3.  Boil the pre-soaked vermicelli (mee hoon) for about 30 seconds and sieve out.
4.  Boil the yellow noodles last!

Our Penang Hokkien Mee recipe (prawn noodle soup) is almost done. Prepare a big bowl and start arranging all the ingredients neatly in the bowl. The ratio of the yellow mee and mee hoon (vermicelli) is 50 to 50. Then the hard boiled eggs, fish cake slice, kang kong, bean sprouts, prawns and a dash of chilli paste alas!

Jolly Wolf please wait! Our Penang Hokkien Mee (prawn noodle soup) is not done yet.
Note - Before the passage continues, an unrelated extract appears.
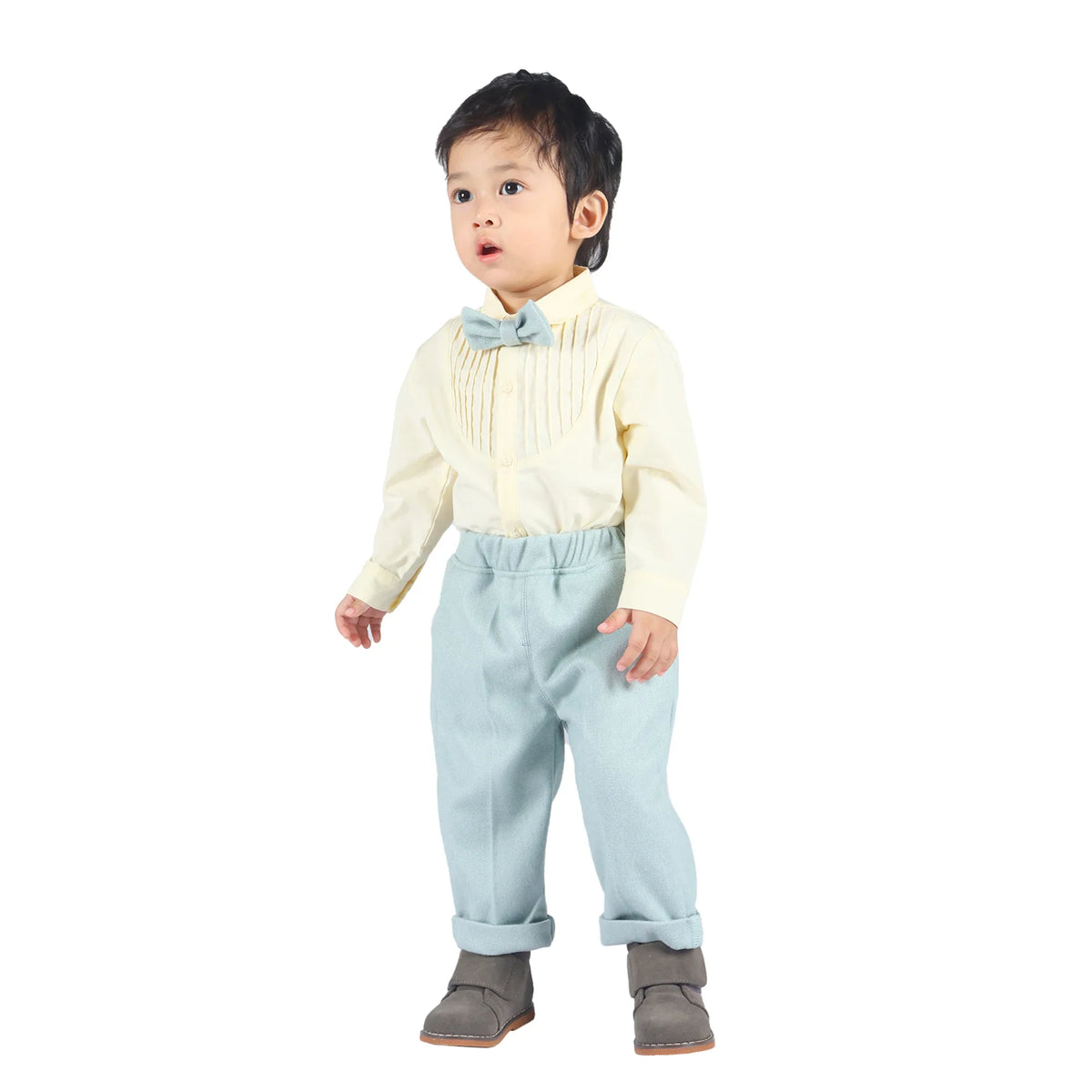 solid-formal-pants-for-baby-boy-6943036068 image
The final step will be adding the prawn soup into the bowl of noodle and ingredients. Jolly Wolf already cannot wait to savor the delicious bowl of prawn noodle.

Hope you liked our homemade Penang Hokkien Mee recipe prawn noodle soup. We did eat the front pork ribs that were cooked in the broth for 1.5 hours. It is very soft and tender but it is not featured in the pictures as it doesn't look very aesthetic with other polite looking ingredients. Then main difference between our homemade prawn noodle soup and the Penang Hokkien mee selling at the hawker stalls is that our homemade prawn noodle taste more refreshing and much less burden on your taste bud.


  1. Many thanks dear Jolly Wolf for the delicious recipe! We got very hungry while watching your nice photos. Surely this noodle soup is very yummy and we would love to come for dinner to your home haha and enjoy the aroma of your homemade chilli paste :-)

  2. @Leona Löwenherz: Chef Jolly Wolf appreciates your wonderful comments! We love having lots of friends joining for dinner! :D

  3. Can you send the soup through the Internet. We can already smell it :-)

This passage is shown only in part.